On July 15, 1994, in a game where his Cleveland Indians were playing the Chicago White Sox, Belle decided to use a corked bat. Unfortunately for him, White Sox manager Gene Lamont was tipped off about the bat before the game. Lamont challenged the bat, and the umpire crew had it confiscated and locked away in the umpire's dressing room before the game began, with the intention to inspect it later.
The Indians, knowing that Belle's bat was corked, sent one of their players to retrieve the bat. In what can only be described as a real-life "Oceans 11" operation, relief pitcher Jason Grimsley maneuvered his way through the crawlspaces in the ceiling on his hands and knees and dropped down into the umpire's dressing room to steal back the corked bat while replacing it with a normal one. The operation, while temporarily successful, was not carried out with exact precision, and the umpires quickly discovered the deception after the game.
The incident created quite a hoopla, and only after the American League threatened to involve the FBI did Albert Belle return the corked bat. He was later suspended for seven games.
This could all have been avoided if Mr. Belle had considered basic physics. A corked bat is lighter, and thus has less inertia. Scientists have found that though players may be able to swing the corked bat faster, they still will not be able to hit the baseball farther.
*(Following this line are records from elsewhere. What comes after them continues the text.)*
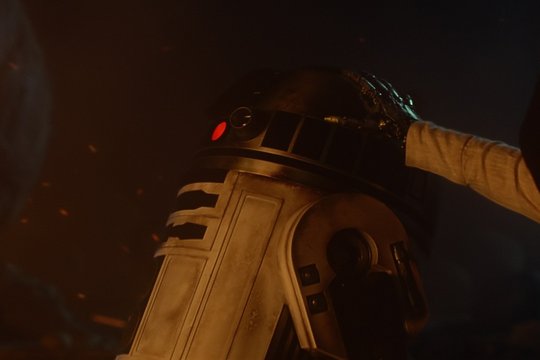 Star Wars - Episode VII - Das Erwachen der Macht - Szenenbild 15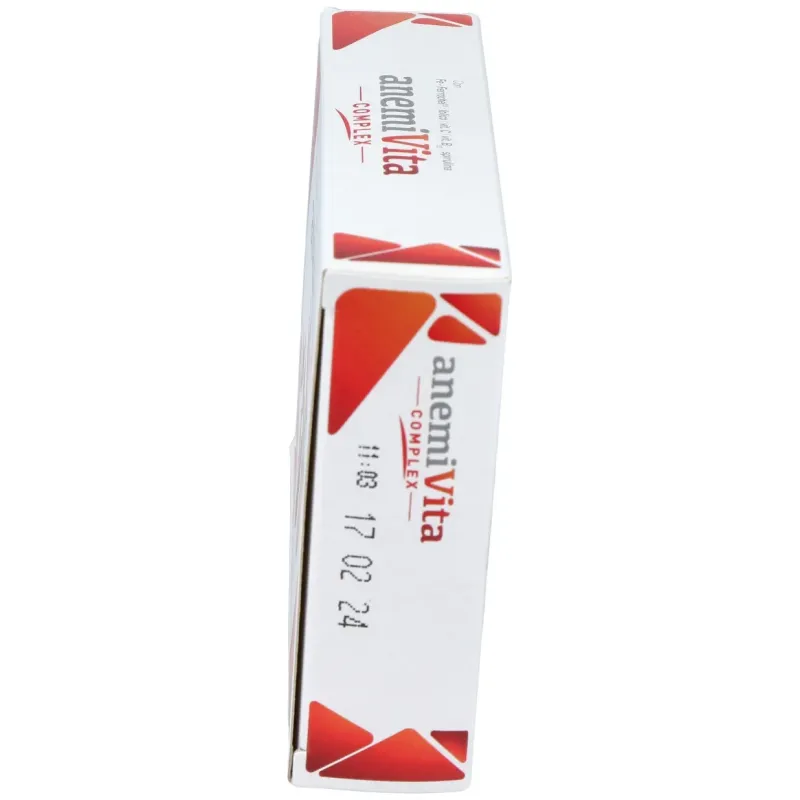 Anemivita complex 40cap. | Farmacia Barata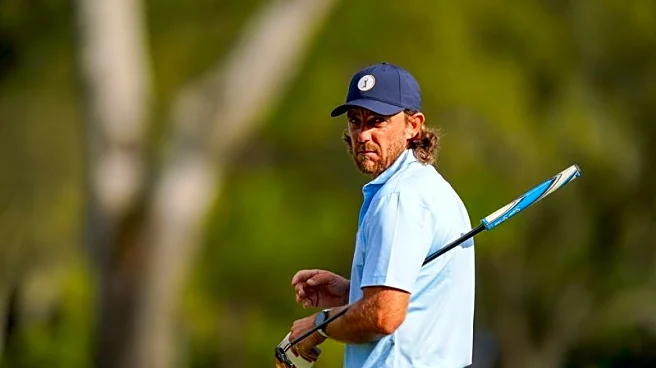 Tommy Fleetwood proud to carry ‘25 consistency into ‘26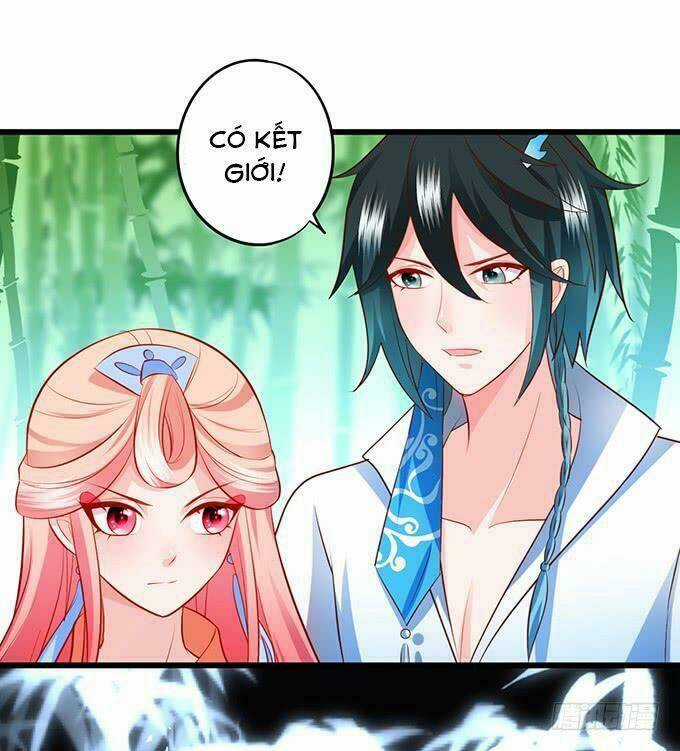 HỒ TIÊN HUNG BẠO Chapter 128 trang 18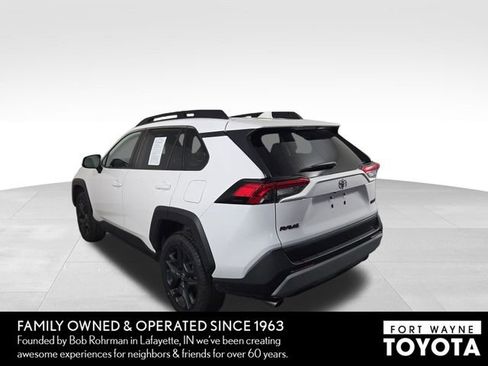 Used 2024 Toyota RAV4 Adventure AWD/4WD image 9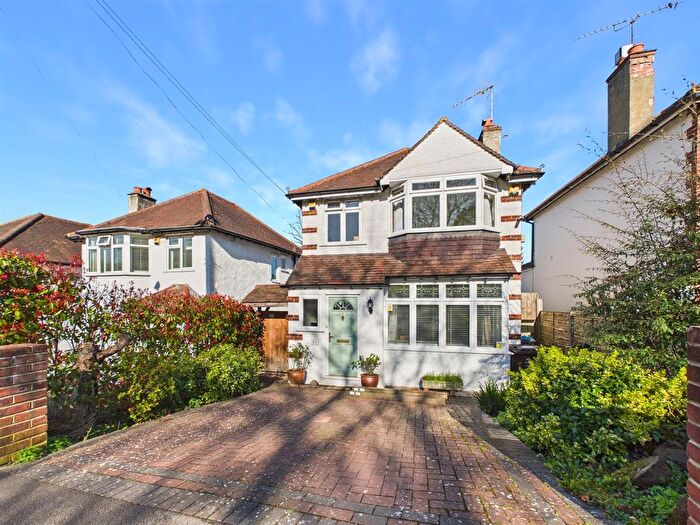 3 Bedroom Detached House For Sale In Roke Road, Kenley, CR8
Belle may have also fallen for the rumor of a mythical "trampoline effect" that occurs when a ball hits the corked bat. But this has been found to be non-existent. According to MythBusters, the cork inside the bat actually absorbs the kinetic energy from the baseball, thus hampering the batter's power.
Nine years after the Albert Belle affair, future baseball hall-of-famer Sammy Sosa was suspended eight games for using a corked bat. Luckily, he had the good sense to forgo a covert cover-up operation, but he still could have avoided the situation entirely if he had simply done his homework before he cheated.
(The Newton Blog in no way advocates cheating. We do, however, advocate doing your homework.)